As I mentioned above, lenders in California tend to be less expensive than lenders in Oregon and Washington. The source and structure of lender capital can result in lower priced hard money mortgages.
Individual Trust Deed Investors
Hard money mortgage brokers like FCTD have a network of high-net-worth individuals who fund our bridge loans and second mortgages. The majority prefer low-leverage and lower yielding loans because they don’t want the headaches of having to deal with default.
Low-leverage first mortgage bridge loans placed with individual trust deed investors may have a pricing structure of two points at 10.00%.
Some individual trust deed investors want higher yields on their money and will fund second mortgages. These loans may cost two to three points at 12.00% to 13.00%.
Fix and Flip Conduit Lenders
The high-leverage (80%+ LTV purchase/100% LTC rehab) fix and flip lending market is supported by pension and hedge funds (the secondary market). Private fix and flip mortgage lenders are simply pass-throughs (conduits) that underwrite and originate loans to sell to secondary market investors.
Fix and flip lending is highly competitive, with borrowers always looking to save a little money here and there. Thus, lenders have to offer terms that keep the machine churning out loans.
Conduit lenders make their money on the upfront fees (often a 0.50% to 2.00% origination fee) and receive a small portion of the monthly payment stream.
A borrower may pay a 10.99% note rate on a fix and flip loan. After selling the loan into the secondary market for 10.50%, a conduit lender will receive a 0.49% strip of the monthly payments from that loan – plus all the other loans from the past year or two that are still on the books. This can be 500-1,000 loans, each paying $100 to $1,500/mo.
Family Offices and Real Estate Investment Funds with a Lending Division
Family offices and real estate funds have similar capital structures. Most have locked in long-term, low-cost debt against their real estate or with a low-cost bank credit line secured by their real estate and their private loan portfolio. Other real estate funds use partner capital to make hard money loans.
Because of this structure, family offices and real estate investors can do larger bridge loans ($2-25 million) quickly, at lower pricing on lower-leveraged scenarios, topping out at 50-60% LTV.
As mortgage brokers who have closed over 3,000 private money loans, FCTD has the experience, and depth and breadth of lenders, to deliver competitive pricing to our real estate investor clients. Many have had 50+ loans with us over the years. Borrowers wouldn’t keep coming back if they felt they were being overcharged for financing.
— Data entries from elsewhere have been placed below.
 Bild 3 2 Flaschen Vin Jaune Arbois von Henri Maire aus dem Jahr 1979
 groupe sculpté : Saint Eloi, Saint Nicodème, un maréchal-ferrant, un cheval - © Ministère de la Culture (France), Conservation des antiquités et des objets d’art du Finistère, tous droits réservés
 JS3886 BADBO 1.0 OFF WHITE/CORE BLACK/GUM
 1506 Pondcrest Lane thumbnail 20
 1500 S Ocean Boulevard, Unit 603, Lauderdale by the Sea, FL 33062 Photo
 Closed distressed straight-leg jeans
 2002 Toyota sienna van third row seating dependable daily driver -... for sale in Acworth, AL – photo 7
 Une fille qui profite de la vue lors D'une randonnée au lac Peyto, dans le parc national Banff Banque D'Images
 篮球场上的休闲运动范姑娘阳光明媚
Since the funding comes from five different sources (individuals, real estate investors, family offices, conduit lenders, and mortgage funds), FCTD doesn’t have a one-size-fits-all pricing model.
However, because of our track record of 500+ loans per year, plus excellent working relationships, our conduit fix and flip lenders charge lower upfront origination fees on our loans in exchange for consistent deal flow. Even with the lender fee plus broker fee, the pricing would be the same if the borrower went directly to the lender.
For second mortgages, FCTD works with a group of trust deed investors who take on the higher risk of being in second position on title. Their pricing is solid, even considering the greater risk of these loans.
FCTD is very competitive in most pricing situations. If we’re not, we’ll tell you that we’re not a good fit and recommend a few different lenders you should check out.
Our value as mortgage brokers comes from knowing and being known by a lot of people in the private lending industry. We’ve closed many loans and continually talk with borrowers and lenders about what they’re doing and are no longer doing. In a dynamic marketplace, we have our finger on the pulse of the market. Our borrowers benefit from having a strategic partner who can position them to succeed with the right opportunities and lenders.